09/09/04 16:57:35
シンポジウム「いま『言語力』が危ない 読書はことばを救えるか」(朝日新聞社・(財)
文字・活字文化推進機構共催)パネル討論における作家・平野啓一郎の発言
価値観の違う人たちがいて当たり前の世の中を生き抜くには、言葉を使ってお互い
の考え方を調整しないと。フランスで1年暮らして痛感したのですが、とにかく言葉が
できないのは圧倒的に不利。自分の考えをうまく伝えられず、相手のことも理解でき
ず、ストレスもたまる。豊かな言語を持っていれば、その分生きていきやすい。
今は膨大な情報を急いで処理しなければならない時代。
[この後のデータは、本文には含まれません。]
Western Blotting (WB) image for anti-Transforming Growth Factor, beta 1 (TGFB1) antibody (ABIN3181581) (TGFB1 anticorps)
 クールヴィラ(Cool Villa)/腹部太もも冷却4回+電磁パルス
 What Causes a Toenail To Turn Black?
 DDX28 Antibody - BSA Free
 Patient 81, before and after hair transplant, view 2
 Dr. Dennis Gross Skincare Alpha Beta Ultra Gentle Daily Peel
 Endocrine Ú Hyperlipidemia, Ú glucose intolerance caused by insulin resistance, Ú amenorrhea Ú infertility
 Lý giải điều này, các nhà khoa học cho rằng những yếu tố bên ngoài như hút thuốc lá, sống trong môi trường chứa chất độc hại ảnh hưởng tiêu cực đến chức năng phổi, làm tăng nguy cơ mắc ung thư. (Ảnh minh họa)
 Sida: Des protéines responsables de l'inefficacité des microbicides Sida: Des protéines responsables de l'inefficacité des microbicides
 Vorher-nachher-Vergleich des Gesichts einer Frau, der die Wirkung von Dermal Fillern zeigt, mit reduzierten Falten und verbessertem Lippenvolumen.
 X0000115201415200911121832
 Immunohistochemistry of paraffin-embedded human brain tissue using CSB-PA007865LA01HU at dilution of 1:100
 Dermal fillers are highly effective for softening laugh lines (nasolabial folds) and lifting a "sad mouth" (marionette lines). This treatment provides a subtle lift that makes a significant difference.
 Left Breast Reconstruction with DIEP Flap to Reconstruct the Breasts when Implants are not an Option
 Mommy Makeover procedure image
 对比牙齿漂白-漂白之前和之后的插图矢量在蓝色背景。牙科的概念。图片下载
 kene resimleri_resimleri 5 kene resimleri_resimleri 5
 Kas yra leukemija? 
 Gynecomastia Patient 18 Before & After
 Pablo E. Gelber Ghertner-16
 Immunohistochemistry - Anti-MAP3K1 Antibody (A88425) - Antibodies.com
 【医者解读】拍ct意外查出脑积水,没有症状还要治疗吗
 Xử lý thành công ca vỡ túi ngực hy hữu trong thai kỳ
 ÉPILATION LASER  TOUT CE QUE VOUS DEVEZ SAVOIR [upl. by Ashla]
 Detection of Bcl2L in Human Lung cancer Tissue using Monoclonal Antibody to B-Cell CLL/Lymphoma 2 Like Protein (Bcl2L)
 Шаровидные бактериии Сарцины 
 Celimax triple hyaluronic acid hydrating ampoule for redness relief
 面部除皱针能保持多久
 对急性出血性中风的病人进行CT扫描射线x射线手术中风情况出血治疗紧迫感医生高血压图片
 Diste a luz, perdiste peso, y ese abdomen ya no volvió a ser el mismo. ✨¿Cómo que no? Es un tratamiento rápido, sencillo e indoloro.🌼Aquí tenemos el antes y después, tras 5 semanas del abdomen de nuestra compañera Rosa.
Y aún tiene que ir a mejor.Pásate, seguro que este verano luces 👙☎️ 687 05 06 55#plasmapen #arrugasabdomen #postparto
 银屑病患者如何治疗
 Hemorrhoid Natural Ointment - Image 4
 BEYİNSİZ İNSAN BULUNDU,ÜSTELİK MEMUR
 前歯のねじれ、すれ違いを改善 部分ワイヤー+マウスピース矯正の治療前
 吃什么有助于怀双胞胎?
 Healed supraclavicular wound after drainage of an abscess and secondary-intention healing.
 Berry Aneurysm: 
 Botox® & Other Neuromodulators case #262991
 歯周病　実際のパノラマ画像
だからこそ一方でじっく
り味わって本を読み、情報を的確に解釈できる力をつける必要があると思います。
いまやネットで検索すると、ドストエフスキーの作品の標準的な解釈まで載っている。
「標準」にとらわれると、ものの考え方が平板になってしまう恐れがあります。誤読する
ことで、読者の読む力、考える力は発展してゆくものなのに。そうした現実も踏まえて
おきたい。
小学生のころ、学校で紹介される本が面白くなくて、読書が好きじゃなかった。当時
周りには、両親が離婚したり、施設に預けられたり、過酷な現実を生きている子がい
くらでもいたのに、薦められる本は「いい話」ばかりで。ただ、今の若い人たちには、
「読みたい気持ちはあっても、あまりに本が多すぎて、今の自分が読むべき本が
わからない」という現実もあると思います。
僕たちは一方的によい、悪いが通じない時代に生きている。相手が何を考えてい
るのか、まず理解しなければならない。その上での賛成、反対ですから。
そのためにも、言葉の力を鍛えることは大事だと思います。